The midpoint of side BC of triangle ABC, with A (1, -4) and the mid-points of the sides through A being (2, -1) and (0, -12) is

Answer 1

Hint: In the above question we have a triangle ABC in which D, E, and F are midpoints. Side AB has a mid-point D, Side AC has a midpoint E, and Side BC has a midpoint F. Co-ordinate of A, D, and E is given. We will use the midpoint formula to solve this question.

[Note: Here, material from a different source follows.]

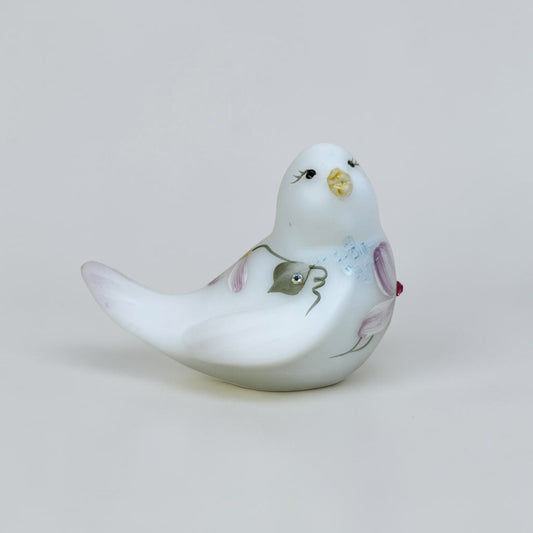 Fenton Pretty Birdy milk glass figurine with floral painting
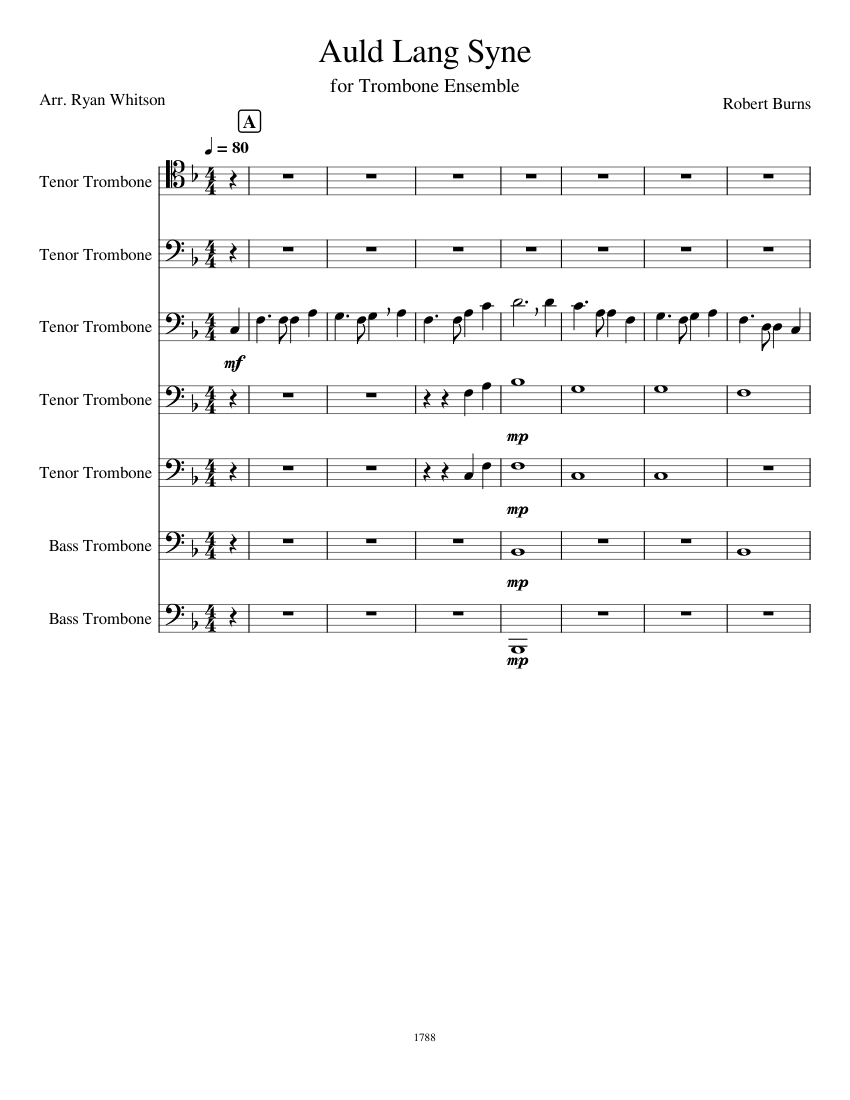 Auld Lang Syne - Robert Burns Sheet music for Trombone tenor, Trombone ...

Complete step-by-step answer:
Drawing figure from the given data:
     

From the figure, we know that;
D is the midpoint of AB.
E is the midpoint of AC.
F is the midpoint of BC.
In triangle ABC,
Coordinates of A (1, -4)
Coordinates of D (2, -1)
Coordinates of E (0, -12)
We need to find the Coordinates of F which is a midpoint of BC.
Let the Coordinates of B be $\left( {{x_2},{y_2}} \right)$, C be $\left( {{x_3},{y_3}} \right)$, and F be $\left( {x,y} \right)$.
Now, using midpoint formula, we will try to find the coordinates of B
Coordinates of B $ = \dfrac{{1 + {x_2}}}{2} = 2$ and $\dfrac{{ - 4 + {y_2}}}{2} = - 1$
After solving above equation, we get;
Coordinates of B (3, 2)
Now, using midpoint formula, we will try to find the coordinates of C
Coordinates of C $ = \dfrac{{1 + {x_3}}}{2} = 0$ and $\dfrac{{ - 4 + {y_3}}}{2} = - 12$
After solving above equation, we get;
Coordinates of C (-1, -20)
Now, using midpoint formula, we will try to find the coordinates of F
Coordinates of F $ = \dfrac{{{x_2} + {x_3}}}{2} = x$ and $\dfrac{{{y_2} + {y_3}}}{2} = y$
Putting the values in the above equations, we get;
$ = \dfrac{{3 - 1}}{2} = x$ and $\dfrac{{2 - 20}}{2} = y$
After solving above equation, we get;
Coordinates of F (1, -5)

Note: In this type of problems usually students make mistakes by considering the end point coordinates as equals to the sum of another endpoint and midpoint coordinates. The line segment in a triangle joining the midpoint of two sides of the triangle is said to be parallel to its third side and is also half of the length of the third side.